## WHAT YOU ARE ASKED TO DO
Retype the listing below line for line, but only from the line with "South Mountain - Residential" down to the line with "L'Oréal Paris Color", inclusive. Pictures stay out.

## DATA SUPPLIED
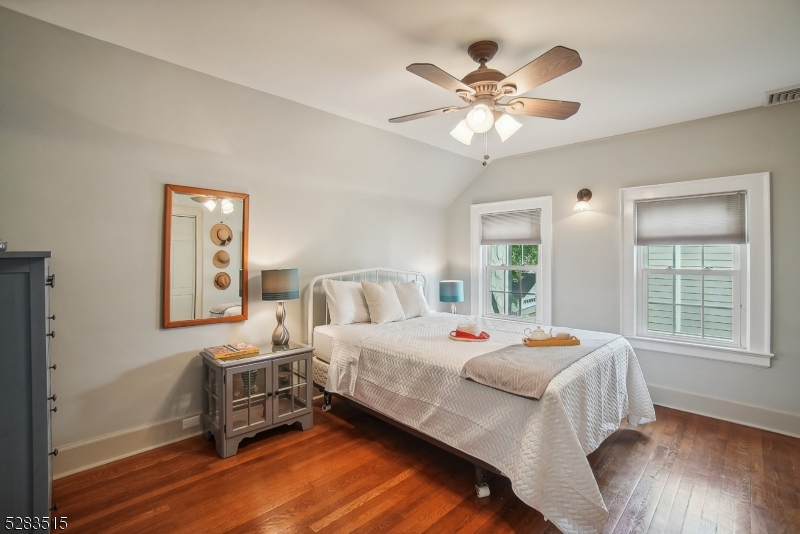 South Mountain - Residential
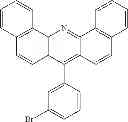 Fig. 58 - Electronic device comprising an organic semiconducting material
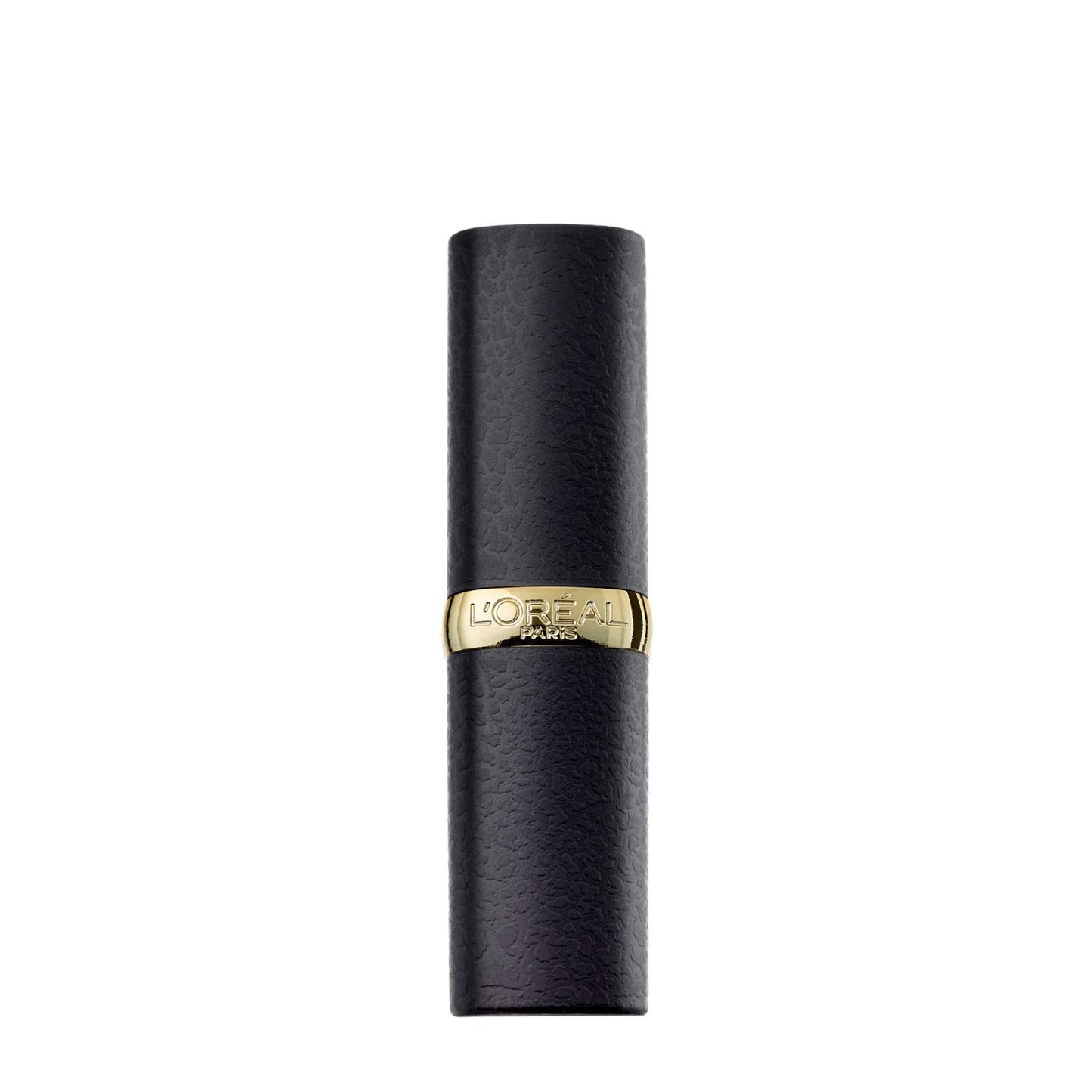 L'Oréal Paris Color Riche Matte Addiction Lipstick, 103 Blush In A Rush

==

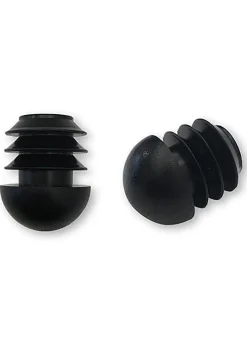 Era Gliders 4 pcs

---

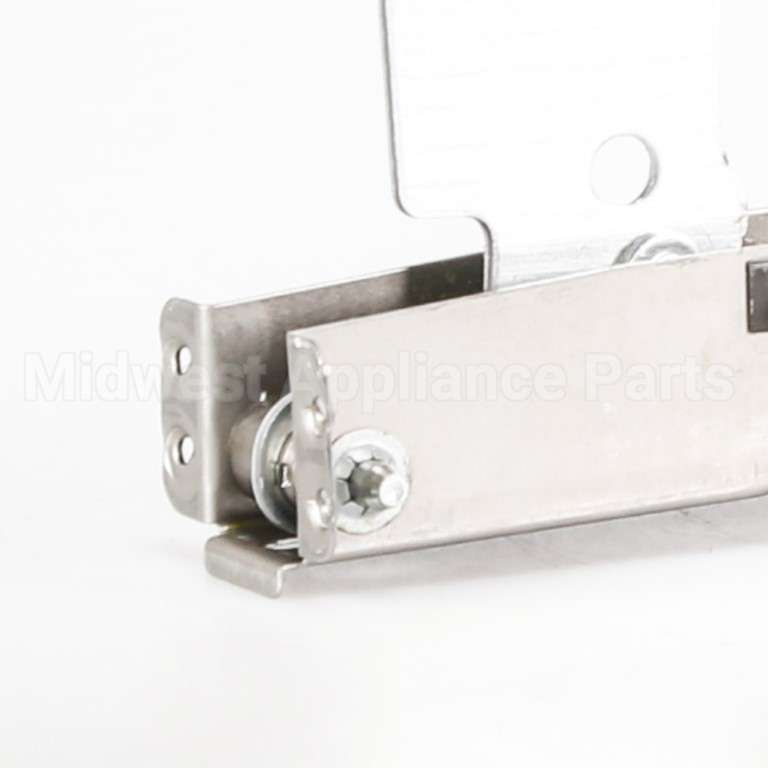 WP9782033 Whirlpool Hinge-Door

## PROBLEM SOLUTION
 South Mountain - Residential
 Fig. 58 - Electronic device comprising an organic semiconducting material
 L'Oréal Paris Color Riche Matte Addiction Lipstick, 103 Blush In A Rush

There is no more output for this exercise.